** EXTRACTED RECORDS **
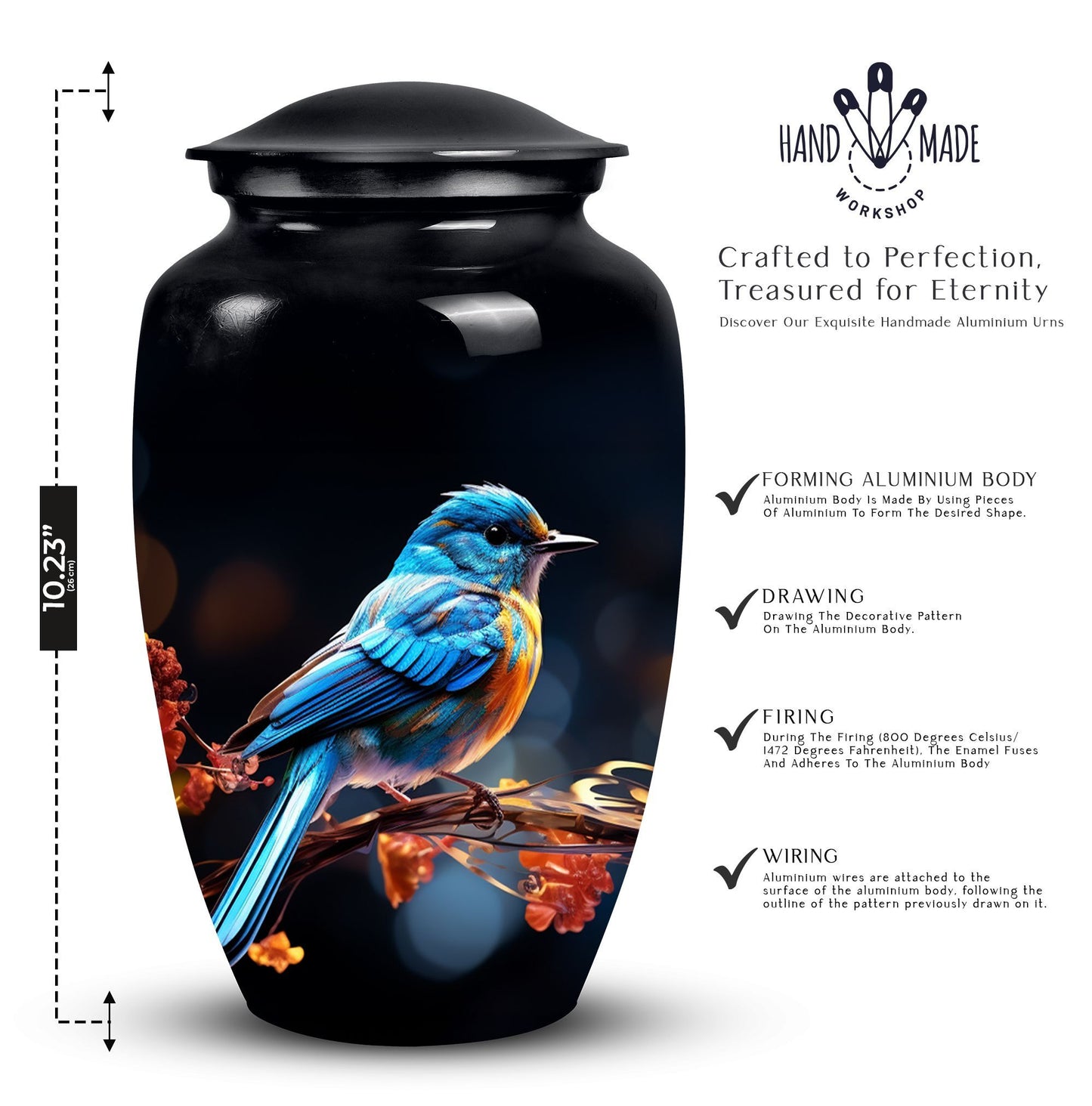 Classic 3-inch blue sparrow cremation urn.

--

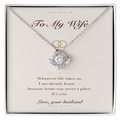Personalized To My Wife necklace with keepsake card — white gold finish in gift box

--

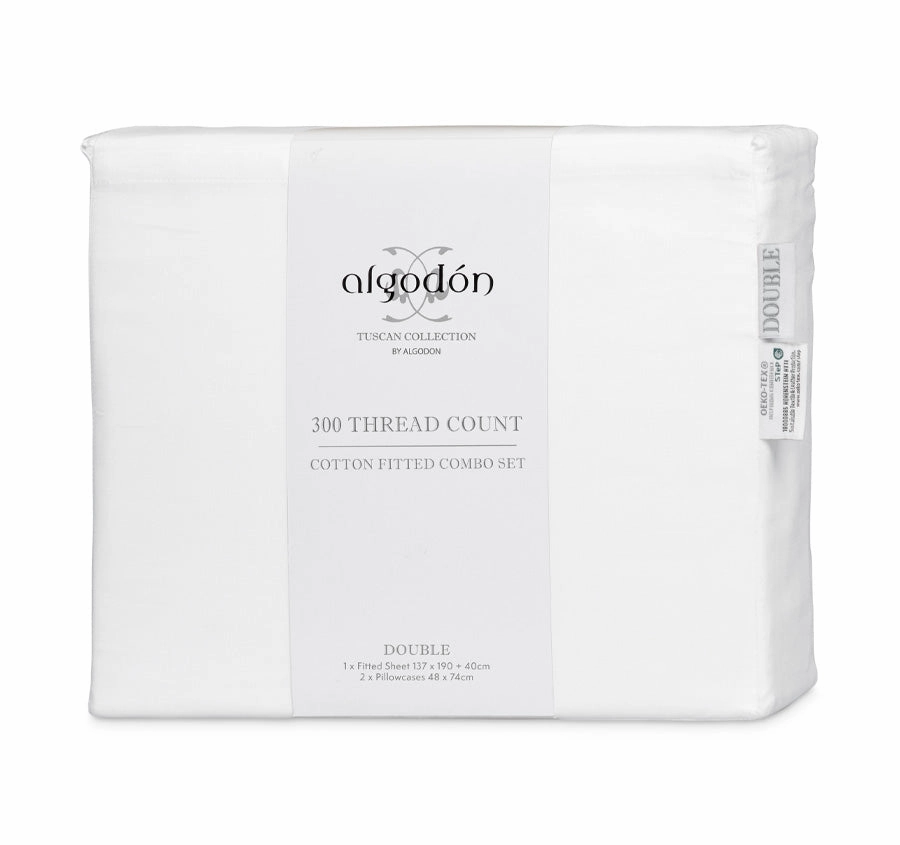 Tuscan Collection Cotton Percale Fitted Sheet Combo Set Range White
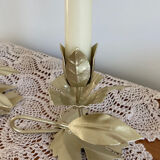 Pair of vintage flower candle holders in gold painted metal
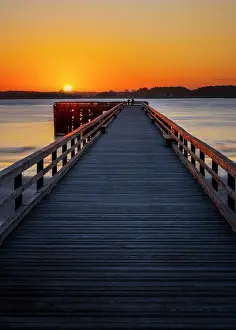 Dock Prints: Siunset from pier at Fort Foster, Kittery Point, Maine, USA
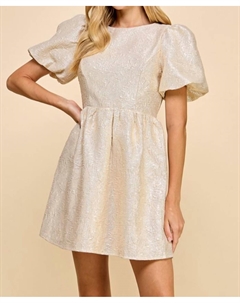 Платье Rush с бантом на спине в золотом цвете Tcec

** WHAT NEEDS TO BE DONE **
In the data above, find the line containing "Tuscan Collection Cotton" and the line containing "Платье Rush с". Repeat those two lines and everything between them exactly, minus the pictures.

** OUTPUT OF THE TASK **
 Tuscan Collection Cotton Percale Fitted Sheet Combo Set Range White
 Pair of vintage flower candle holders in gold painted metal
 Dock Prints: Siunset from pier at Fort Foster, Kittery Point, Maine, USA
 Платье Rush с бантом на спине в золотом цвете Tcec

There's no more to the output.